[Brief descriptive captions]
• • • •

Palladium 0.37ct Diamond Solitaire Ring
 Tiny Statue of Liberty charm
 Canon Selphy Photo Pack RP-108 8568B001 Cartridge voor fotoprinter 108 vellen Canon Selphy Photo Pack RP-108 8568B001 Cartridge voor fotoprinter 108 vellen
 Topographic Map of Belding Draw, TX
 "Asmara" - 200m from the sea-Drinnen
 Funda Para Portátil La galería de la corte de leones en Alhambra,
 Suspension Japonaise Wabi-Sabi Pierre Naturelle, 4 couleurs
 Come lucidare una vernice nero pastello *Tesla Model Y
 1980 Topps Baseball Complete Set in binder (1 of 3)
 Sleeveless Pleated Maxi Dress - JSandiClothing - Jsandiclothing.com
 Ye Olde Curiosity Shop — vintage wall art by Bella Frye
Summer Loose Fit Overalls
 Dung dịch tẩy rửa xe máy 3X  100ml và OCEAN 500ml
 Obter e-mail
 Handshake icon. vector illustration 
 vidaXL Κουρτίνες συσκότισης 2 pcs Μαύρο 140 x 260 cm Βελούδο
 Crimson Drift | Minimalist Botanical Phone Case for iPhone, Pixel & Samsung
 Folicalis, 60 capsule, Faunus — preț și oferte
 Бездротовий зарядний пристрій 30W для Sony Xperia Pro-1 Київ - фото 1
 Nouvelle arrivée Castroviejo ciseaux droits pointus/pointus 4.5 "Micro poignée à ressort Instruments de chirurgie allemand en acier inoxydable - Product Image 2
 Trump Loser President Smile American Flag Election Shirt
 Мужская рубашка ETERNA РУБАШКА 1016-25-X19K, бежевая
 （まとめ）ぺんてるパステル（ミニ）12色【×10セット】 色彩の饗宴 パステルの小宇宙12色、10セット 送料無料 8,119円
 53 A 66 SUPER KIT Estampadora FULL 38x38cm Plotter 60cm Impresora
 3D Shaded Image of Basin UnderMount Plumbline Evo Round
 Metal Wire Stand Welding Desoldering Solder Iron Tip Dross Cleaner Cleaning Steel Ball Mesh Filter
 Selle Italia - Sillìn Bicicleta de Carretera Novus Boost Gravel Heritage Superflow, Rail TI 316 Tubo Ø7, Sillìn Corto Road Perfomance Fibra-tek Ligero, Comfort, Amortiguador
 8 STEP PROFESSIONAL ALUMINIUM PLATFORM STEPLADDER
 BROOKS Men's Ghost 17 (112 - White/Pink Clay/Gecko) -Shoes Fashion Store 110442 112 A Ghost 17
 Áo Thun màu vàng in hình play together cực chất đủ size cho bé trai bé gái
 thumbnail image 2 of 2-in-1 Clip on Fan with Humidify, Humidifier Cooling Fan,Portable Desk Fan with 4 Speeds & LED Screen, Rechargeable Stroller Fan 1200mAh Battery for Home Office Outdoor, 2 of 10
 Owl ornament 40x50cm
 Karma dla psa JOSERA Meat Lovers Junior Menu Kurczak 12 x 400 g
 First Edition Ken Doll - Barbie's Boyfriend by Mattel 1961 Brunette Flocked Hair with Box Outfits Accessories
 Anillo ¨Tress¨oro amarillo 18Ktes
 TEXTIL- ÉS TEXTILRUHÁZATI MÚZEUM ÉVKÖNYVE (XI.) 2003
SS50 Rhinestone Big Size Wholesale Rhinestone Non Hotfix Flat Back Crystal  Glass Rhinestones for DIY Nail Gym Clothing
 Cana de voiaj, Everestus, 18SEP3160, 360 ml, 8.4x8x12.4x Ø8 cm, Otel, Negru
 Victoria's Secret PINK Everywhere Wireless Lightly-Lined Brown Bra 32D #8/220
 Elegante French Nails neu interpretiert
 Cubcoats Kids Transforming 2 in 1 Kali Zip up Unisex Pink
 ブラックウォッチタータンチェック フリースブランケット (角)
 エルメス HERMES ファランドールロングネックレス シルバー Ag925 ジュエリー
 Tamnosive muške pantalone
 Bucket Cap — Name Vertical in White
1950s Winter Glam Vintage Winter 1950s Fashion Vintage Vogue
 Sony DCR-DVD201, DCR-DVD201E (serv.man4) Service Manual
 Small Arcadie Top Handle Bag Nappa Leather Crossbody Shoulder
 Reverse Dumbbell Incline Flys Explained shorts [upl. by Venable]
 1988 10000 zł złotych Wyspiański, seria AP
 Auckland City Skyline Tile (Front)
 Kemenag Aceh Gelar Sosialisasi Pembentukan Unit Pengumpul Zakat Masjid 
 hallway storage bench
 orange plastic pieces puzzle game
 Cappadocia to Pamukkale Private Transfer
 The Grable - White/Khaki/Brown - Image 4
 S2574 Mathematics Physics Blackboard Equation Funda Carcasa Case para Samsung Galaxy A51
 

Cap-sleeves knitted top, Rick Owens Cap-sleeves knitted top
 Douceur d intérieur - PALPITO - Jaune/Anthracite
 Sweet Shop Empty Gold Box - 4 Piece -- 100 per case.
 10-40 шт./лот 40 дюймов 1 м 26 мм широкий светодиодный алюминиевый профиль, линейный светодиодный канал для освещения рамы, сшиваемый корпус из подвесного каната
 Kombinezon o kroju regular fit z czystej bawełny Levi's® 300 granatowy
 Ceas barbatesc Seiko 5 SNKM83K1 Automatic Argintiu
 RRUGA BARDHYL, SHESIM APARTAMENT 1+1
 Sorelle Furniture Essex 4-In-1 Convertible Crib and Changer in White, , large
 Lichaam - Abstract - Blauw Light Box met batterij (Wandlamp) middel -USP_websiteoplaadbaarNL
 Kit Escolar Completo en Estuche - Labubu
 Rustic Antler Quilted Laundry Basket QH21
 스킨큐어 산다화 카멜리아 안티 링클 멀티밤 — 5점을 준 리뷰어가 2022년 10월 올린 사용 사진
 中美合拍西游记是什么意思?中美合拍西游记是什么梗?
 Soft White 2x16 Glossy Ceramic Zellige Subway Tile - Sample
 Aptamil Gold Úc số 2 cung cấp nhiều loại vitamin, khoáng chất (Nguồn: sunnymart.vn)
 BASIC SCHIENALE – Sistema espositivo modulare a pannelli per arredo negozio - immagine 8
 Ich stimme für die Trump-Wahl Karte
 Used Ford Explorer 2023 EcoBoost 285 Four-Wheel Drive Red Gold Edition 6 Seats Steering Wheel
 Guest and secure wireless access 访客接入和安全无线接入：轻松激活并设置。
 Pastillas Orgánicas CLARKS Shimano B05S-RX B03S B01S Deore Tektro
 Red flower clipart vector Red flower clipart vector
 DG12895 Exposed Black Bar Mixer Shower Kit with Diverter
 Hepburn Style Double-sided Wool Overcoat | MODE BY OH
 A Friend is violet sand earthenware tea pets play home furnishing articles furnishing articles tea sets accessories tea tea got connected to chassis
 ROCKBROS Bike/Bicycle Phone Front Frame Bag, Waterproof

• • • •

**Exercise description:**
The reply should consist solely of the lines of the data, exact, from the opening line through the line with "53 A 66 SUPER", inclusive.

**Solution to the exercise:**
Palladium 0.37ct Diamond Solitaire Ring
 Tiny Statue of Liberty charm
 Canon Selphy Photo Pack RP-108 8568B001 Cartridge voor fotoprinter 108 vellen Canon Selphy Photo Pack RP-108 8568B001 Cartridge voor fotoprinter 108 vellen
 Topographic Map of Belding Draw, TX
 "Asmara" - 200m from the sea-Drinnen
 Funda Para Portátil La galería de la corte de leones en Alhambra,
 Suspension Japonaise Wabi-Sabi Pierre Naturelle, 4 couleurs
 Come lucidare una vernice nero pastello *Tesla Model Y
 1980 Topps Baseball Complete Set in binder (1 of 3)
 Sleeveless Pleated Maxi Dress - JSandiClothing - Jsandiclothing.com
 Ye Olde Curiosity Shop — vintage wall art by Bella Frye
Summer Loose Fit Overalls
 Dung dịch tẩy rửa xe máy 3X  100ml và OCEAN 500ml
 Obter e-mail
 Handshake icon. vector illustration 
 vidaXL Κουρτίνες συσκότισης 2 pcs Μαύρο 140 x 260 cm Βελούδο
 Crimson Drift | Minimalist Botanical Phone Case for iPhone, Pixel & Samsung
 Folicalis, 60 capsule, Faunus — preț și oferte
 Бездротовий зарядний пристрій 30W для Sony Xperia Pro-1 Київ - фото 1
 Nouvelle arrivée Castroviejo ciseaux droits pointus/pointus 4.5 "Micro poignée à ressort Instruments de chirurgie allemand en acier inoxydable - Product Image 2
 Trump Loser President Smile American Flag Election Shirt
 Мужская рубашка ETERNA РУБАШКА 1016-25-X19K, бежевая
 （まとめ）ぺんてるパステル（ミニ）12色【×10セット】 色彩の饗宴 パステルの小宇宙12色、10セット 送料無料 8,119円
 53 A 66 SUPER KIT Estampadora FULL 38x38cm Plotter 60cm Impresora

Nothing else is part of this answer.